Exercise goal: Copy every entry as is. Leave images out.

Data supplied:

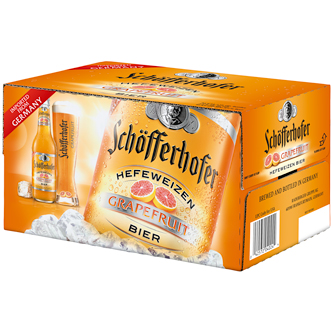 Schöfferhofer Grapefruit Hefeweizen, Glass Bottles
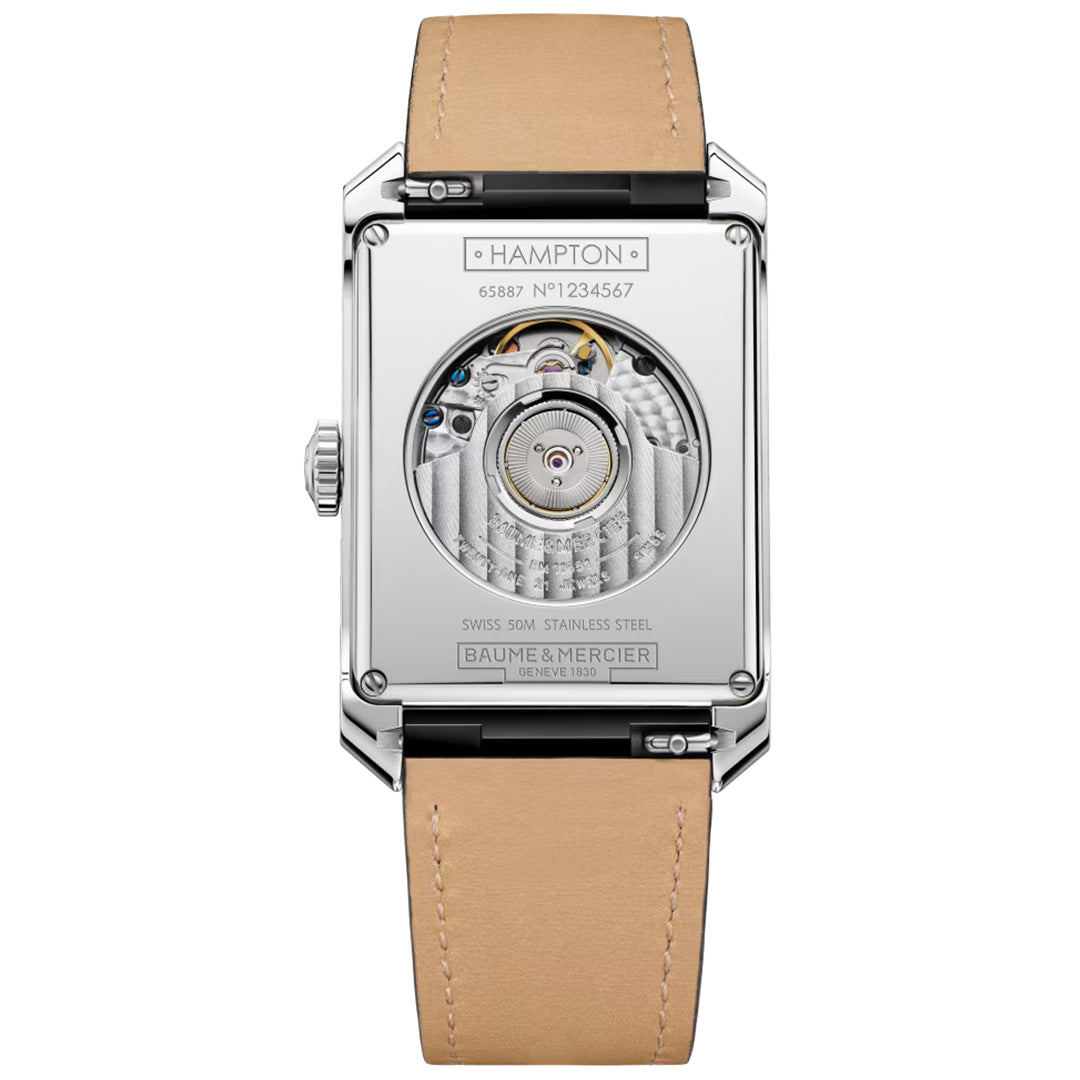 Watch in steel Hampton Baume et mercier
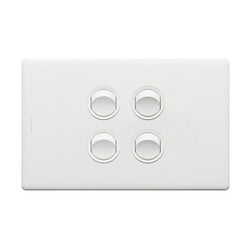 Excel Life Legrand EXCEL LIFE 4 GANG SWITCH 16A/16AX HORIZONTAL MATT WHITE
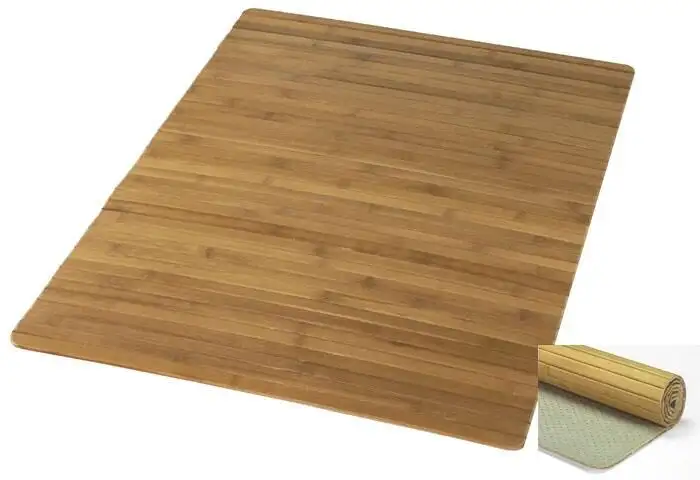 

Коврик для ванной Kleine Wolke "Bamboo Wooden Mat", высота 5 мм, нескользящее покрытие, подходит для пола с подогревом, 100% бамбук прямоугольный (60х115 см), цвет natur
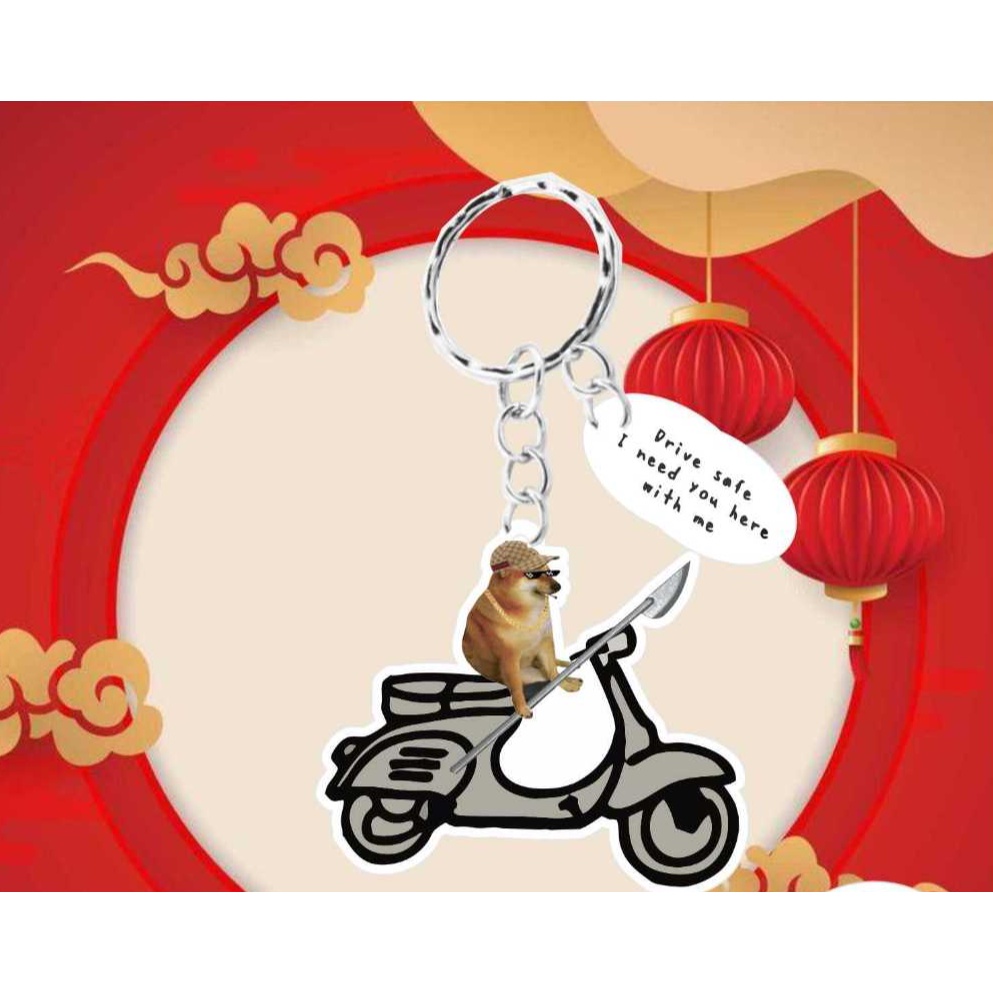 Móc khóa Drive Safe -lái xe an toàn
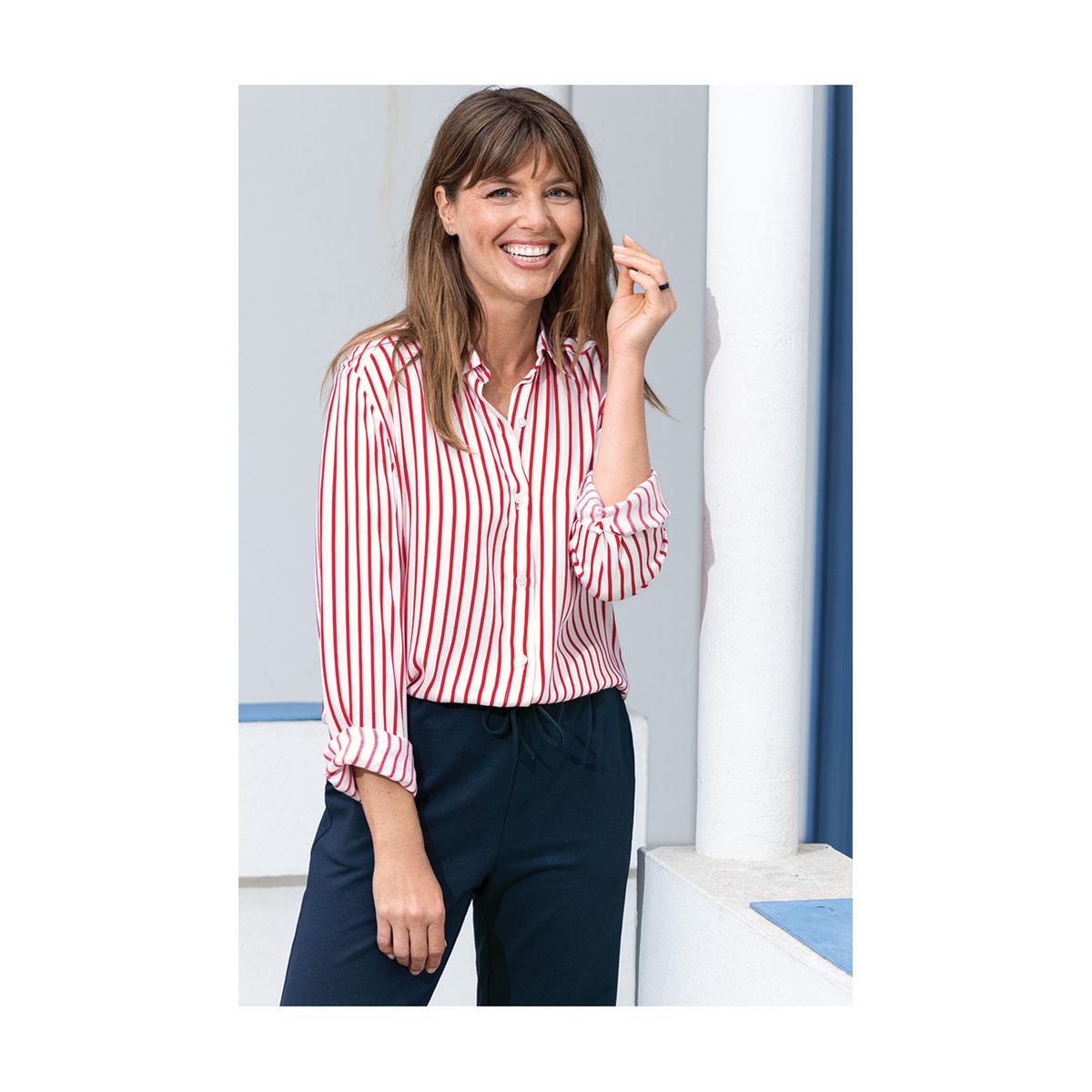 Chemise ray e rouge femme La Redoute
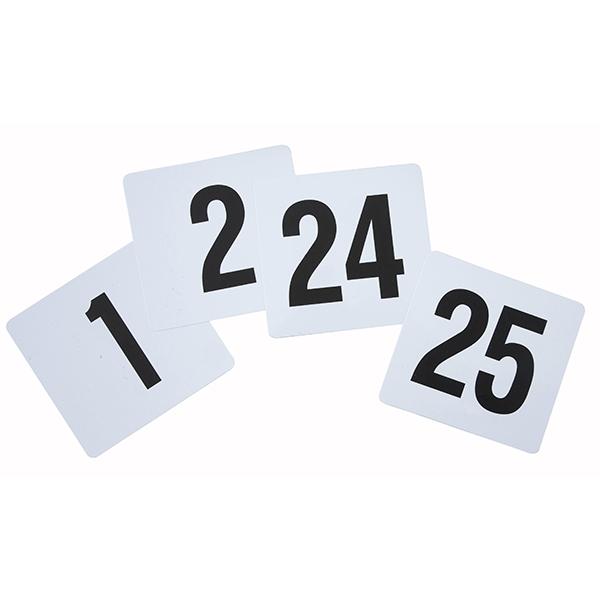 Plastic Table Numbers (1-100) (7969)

Exercise response:
 Schöfferhofer Grapefruit Hefeweizen, Glass Bottles
 Watch in steel Hampton Baume et mercier
 Excel Life Legrand EXCEL LIFE 4 GANG SWITCH 16A/16AX HORIZONTAL MATT WHITE

Коврик для ванной Kleine Wolke "Bamboo Wooden Mat", высота 5 мм, нескользящее покрытие, подходит для пола с подогревом, 100% бамбук прямоугольный (60х115 см), цвет natur
 Móc khóa Drive Safe -lái xe an toàn
 Chemise ray e rouge femme La Redoute
 Plastic Table Numbers (1-100) (7969)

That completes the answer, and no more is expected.